知的財産権等使用料は特許権や著作権の使用料について、日本側が海外から受け取った金額から海外に支払った金額を差し引いたものだ。5月は前年同月比39%増え、これまでの最高だった2012年3月の3270億円を超えた。

背景にあるのが企業の海外展開の加速だ。国内メーカーが海外に進出したり他社を買収したりして子会社を設けると、子会社は親会社の特許などを使って商品をつくるため、親会社に使用料を支払う必要がある。

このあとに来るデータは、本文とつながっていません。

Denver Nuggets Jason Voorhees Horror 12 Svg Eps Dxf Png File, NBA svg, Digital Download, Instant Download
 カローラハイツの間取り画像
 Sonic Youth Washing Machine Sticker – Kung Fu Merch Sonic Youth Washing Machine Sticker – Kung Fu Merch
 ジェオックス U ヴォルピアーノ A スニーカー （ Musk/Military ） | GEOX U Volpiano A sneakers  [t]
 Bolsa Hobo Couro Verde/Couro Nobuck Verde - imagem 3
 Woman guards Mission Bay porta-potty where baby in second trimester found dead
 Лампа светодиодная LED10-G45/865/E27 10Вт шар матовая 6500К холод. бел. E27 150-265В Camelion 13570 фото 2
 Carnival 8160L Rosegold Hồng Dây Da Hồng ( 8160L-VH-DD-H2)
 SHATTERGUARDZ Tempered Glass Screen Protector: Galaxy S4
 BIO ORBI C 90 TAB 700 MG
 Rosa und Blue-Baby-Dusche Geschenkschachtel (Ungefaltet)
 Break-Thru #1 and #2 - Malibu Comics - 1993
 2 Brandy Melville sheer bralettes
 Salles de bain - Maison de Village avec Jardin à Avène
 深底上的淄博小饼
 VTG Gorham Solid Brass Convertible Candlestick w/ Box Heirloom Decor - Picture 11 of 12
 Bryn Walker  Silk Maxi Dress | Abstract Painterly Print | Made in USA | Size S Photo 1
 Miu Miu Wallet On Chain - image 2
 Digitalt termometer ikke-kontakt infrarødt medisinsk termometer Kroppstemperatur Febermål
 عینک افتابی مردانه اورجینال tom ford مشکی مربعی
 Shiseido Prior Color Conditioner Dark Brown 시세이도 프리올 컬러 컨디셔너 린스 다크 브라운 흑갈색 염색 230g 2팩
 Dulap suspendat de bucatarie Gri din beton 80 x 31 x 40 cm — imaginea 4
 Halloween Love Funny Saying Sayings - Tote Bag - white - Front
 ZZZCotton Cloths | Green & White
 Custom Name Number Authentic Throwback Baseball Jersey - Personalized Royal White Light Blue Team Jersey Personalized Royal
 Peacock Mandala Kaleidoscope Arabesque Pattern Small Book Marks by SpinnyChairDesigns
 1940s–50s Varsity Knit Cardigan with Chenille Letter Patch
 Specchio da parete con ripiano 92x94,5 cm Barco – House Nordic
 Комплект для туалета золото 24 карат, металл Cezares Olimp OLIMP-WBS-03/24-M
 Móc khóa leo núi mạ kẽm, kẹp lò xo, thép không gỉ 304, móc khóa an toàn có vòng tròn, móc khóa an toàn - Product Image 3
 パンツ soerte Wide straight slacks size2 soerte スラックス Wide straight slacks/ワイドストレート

M&A(合併・買収)助言のレコフによると14年度の日本企業による海外企業のM&Aは5年連続で増えた。親子会社間での使用料のやりとりも増えており、財務省は「自動車や医薬品産業で目立つ」と指摘する。

経常収支のうち、第1次所得収支も企業の海外進出を受けて増えている。海外子会社からの配当の受け取りなどが増え、5月は2兆130億円と前年同月から38%増えた。5月としては過去最大になった。

貿易収支は輸出の伸び悩みで473億円の赤字だった。円安でも輸出がなかなか伸びない要因として、メーカーの海外生産の進展を指摘する声は多い。特許などの使用料と所得収支の伸びが11カ月続く経常黒字の原動力にもなっている。